Totally Missed a Threading Problem with Statics
This morning I was looking at the logs of one of my price injectors and I got an exception on the CKStopwatch saying that the number of time events and time structs didn't match, which is a serious data integrity problem. I'm never gotten this before, and so I had to dig into it right away.
When I looked at the code, I saw something I knew was there, but it hadn't hit me in all the months this thing had been running. You see, in this injector, I need to have a few (configurable, based on load and number of processors) threads that take the prices and send them to the destination - inject them into the message stream. In these threads, I need to have an idea of the elapsed time they have been running so that I can print out statistics on their operation. Nothing big, but I need to have the number of prices they have injected over the time interval they have been working. Ticks per sec.
Since I needed to have this persistent over several loops of this thread's main processing method, I decided to declare it static at the top of the run loop:
int SPPoller::process() { bool error = false; static int totalSent = 0; static CKStopwatch interval;
and then it checked to see if this was the first time through and reset the stopwatch. But all this was a horrible mistake waiting to bite me.

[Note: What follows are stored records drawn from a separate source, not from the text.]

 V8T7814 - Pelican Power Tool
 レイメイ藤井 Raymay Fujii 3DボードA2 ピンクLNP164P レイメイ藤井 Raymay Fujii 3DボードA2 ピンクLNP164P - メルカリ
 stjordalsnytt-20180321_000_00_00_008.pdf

The static reference is going to give me one and only one value for this guy regardless of the number of threads using this code. The fact that the int was thread-safe was lucky for me, but the CKStopwatch wasn't. That's where I got the exception from the other day, and a different one this morning.

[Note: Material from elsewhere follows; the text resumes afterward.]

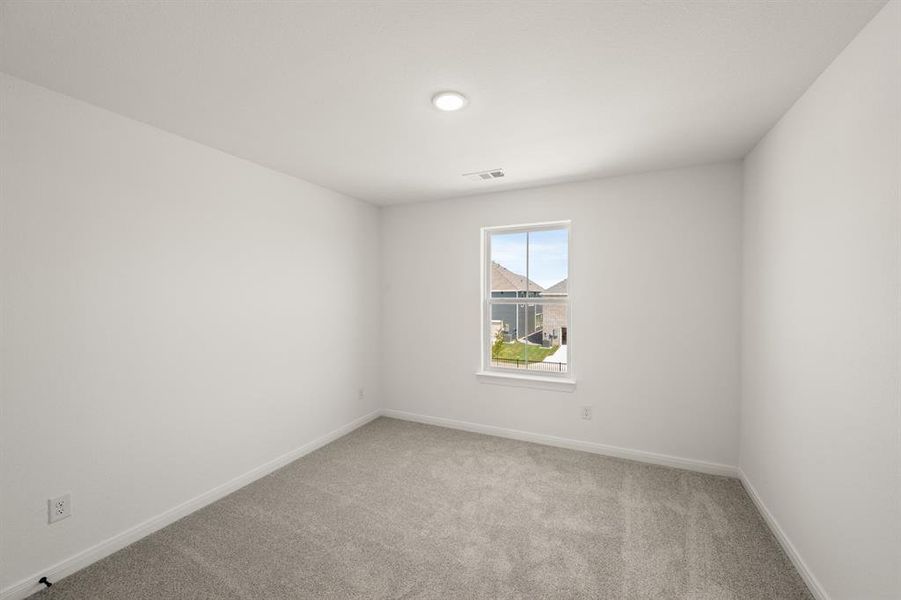 1015 Abigail- Bedroom-1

The reason I did this was to try and keep the variables close to their location of use. And had I gone with thread-local storage, I'd have been in good shape. But I didn't. I debugged this with a single injector and it was fine. I only have two in most configurations, so it's a little more dangerous, but still not as bad as if I had 50 threads.
The solution was easy - make the total sent count and the interval timer instance variables of the class and then in the constructor, reset the timer and zero out the count and everything will be just fine. This was only effecting my logging, and so it's not a horrible problem, but the exception caused the poller to die, and that was a serious issue. Had to be fixed. Easy to do.
Whew! That one caught me by surprise.